Uno de los concejales que advirtió la distorsión que producía el precio de la nafta súper –parámetro de referencia del valor monetario de una sanción- en el monto de la multa, introdujo un concepto que tiene un peso significativo de orden político. A su juicio, el criterio vigente lleva a cuestionar que sea el mercado y no el Estado el que determine el precio de la multa.

Cuando el Concejo Deliberante aprobó el criterio de valorar mediante una Unidad Fija diferente de la Unidad Tributaria vigente para la determinación de tasas u otras multas, seguramente no podía prever los aumentos en el precio de los combustibles, consecuentes con la decisión del Gobierno Nacional de liberar el precio de los combustibles a lo que establezca el mercado. El resultado es que una infracción de tránsito se sanciona con cifras ilógicas respecto de la razón que tiene su aplicación.

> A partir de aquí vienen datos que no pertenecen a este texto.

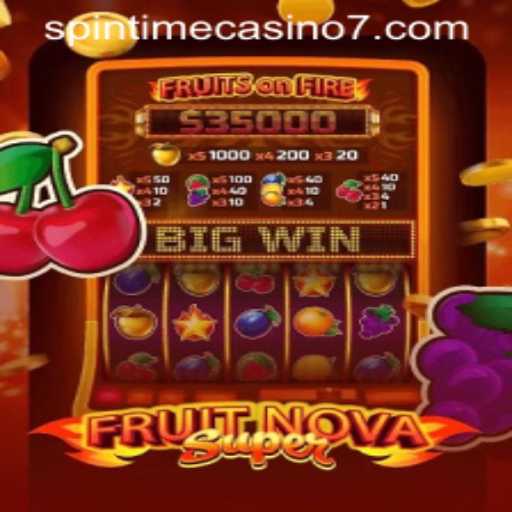 Exploring the Exciting World of FruitNovaSuper with SpinTime Casino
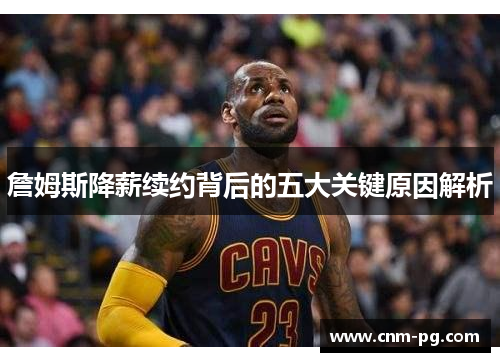詹姆斯降薪续约背后的五大关键原因解析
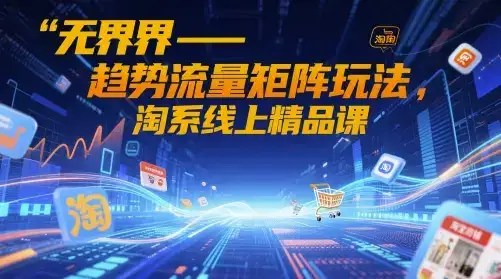 无界-趋势流量矩阵玩法，淘系线上精品课-优优云创网
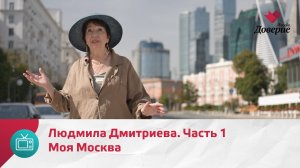 Моя Москва. Людмила Дмитриева. Часть 1 — Москва Доверие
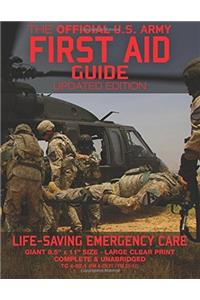 The Official Us Army First Aid Guide - Tc 4-02.1 Fm 4-25.11: Giant Size; Large, Clear Print, Complete (Carlile Military Library)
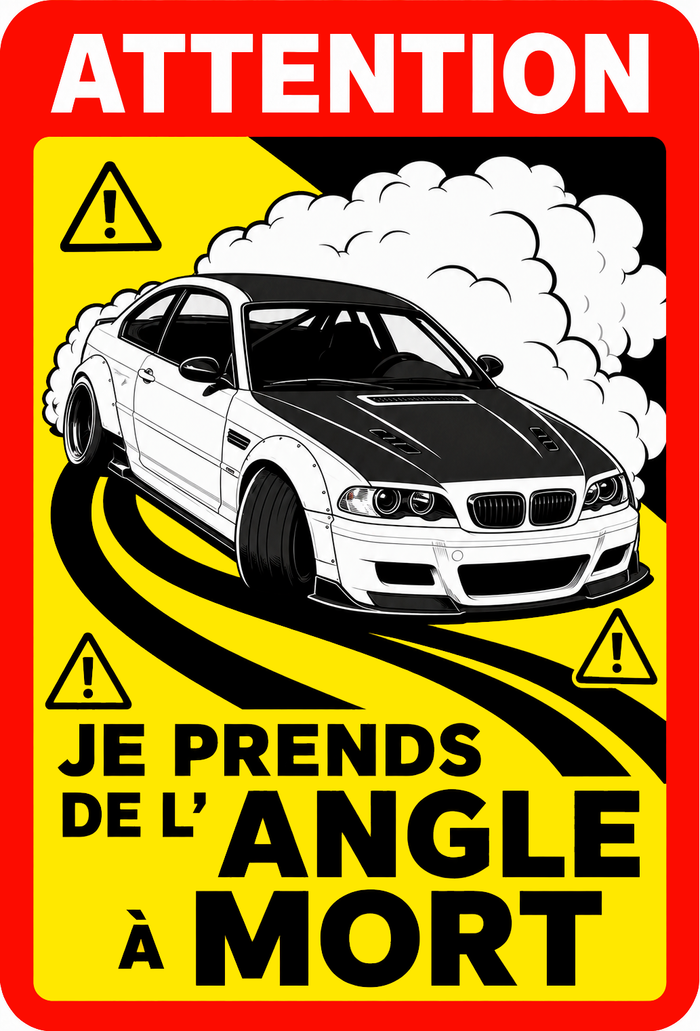 Sticker Je prends de l'angle à mort avec BMW E46 en drift - AC170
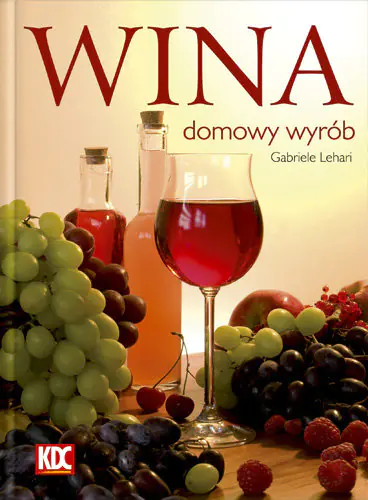 Książka - Wina. Domowy wyrób
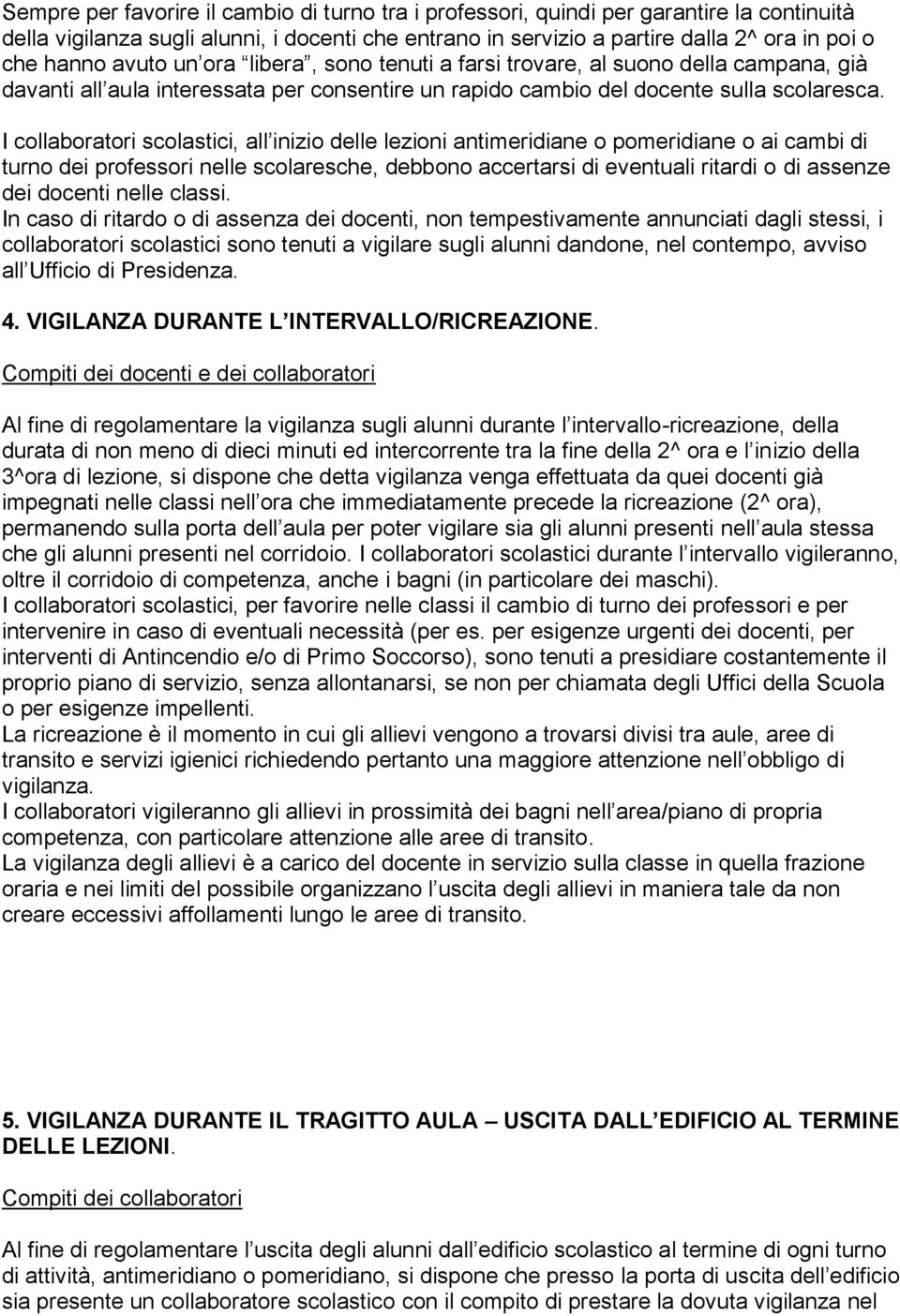 I collaboratori scolastici, all inizio delle lezioni antimeridiane o pomeridiane o ai cambi di turno dei professori nelle scolaresche, debbono accertarsi di eventuali ritardi o di assenze dei docenti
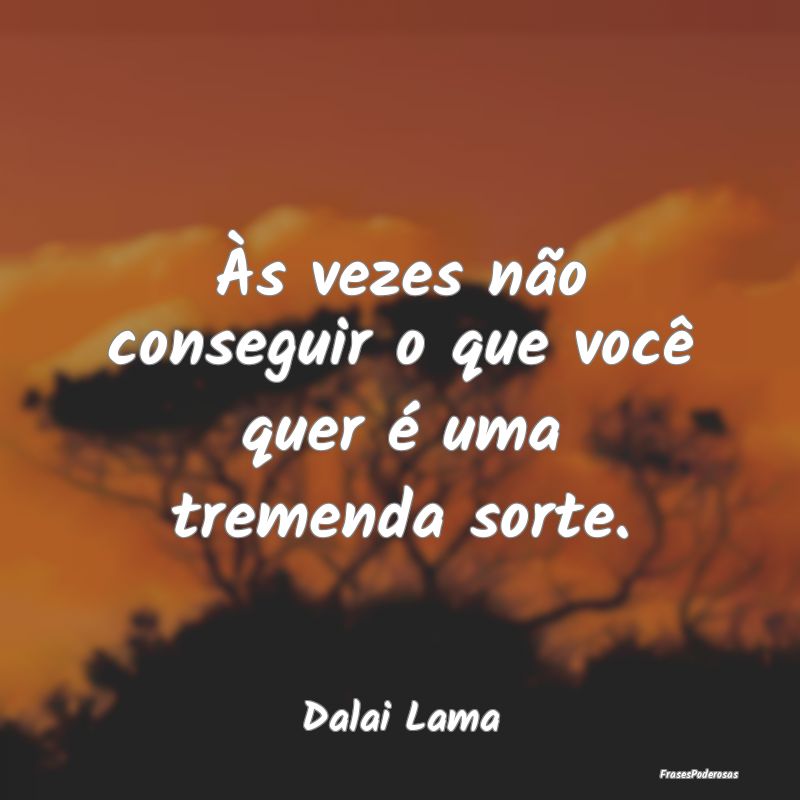 Às vezes não conseguir o que você quer é uma t...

El sentido disciplinario de la multa no pareciera estar atado a su valor. Las que se aplican en materia de tránsito no han logrado hasta el momento corregir inconductas que en esa materia llegan a ser muy riesgosas. Precisamente se conoció hoy que una de las más onerosas es la de conducir con alcohol en sangre, falta por la que se paga actualmente no menos de 30 mil pesos, monto que no evita que especialmente los fines de semana se registre un importante número de actas por violación a la ley de alcohol cero ni que se frene el incremento de una de las estadísticas más dolorosas de la Provincia, como es la de muertes en siniestros viales.

En principio se puede asegurar que la discusión respecto del sentido de una sanción pecuniaria a las faltas o incumplimientos del ordenamiento legislativo comunal estaría saldada. Con su aplicación se busca una corrección de comportamientos sociales y no habilita una boca recaudatoria de las arcas municipales. La cuestión pasa por el punto de equilibrio en la búsqueda de la preservación del monto de una multa, en una economía inflacionaria, para que el efecto de su aplicación no pierda eficacia ni se convierta en una condena inhabilitante para el infractor.

De todas maneras, lo que se determine será un ejercicio para la tarea inminente que aguarda a los concejales. En breve deberán tratar la ordenanza presupuestaria y la tarifaria, que tendrá su correspondiente actualización. También en el Municipio, el ajuste tendrá dos caras; por un lado, la reducción del gasto y por el otro, el incremento de ingresos. De eso no se habla todavía.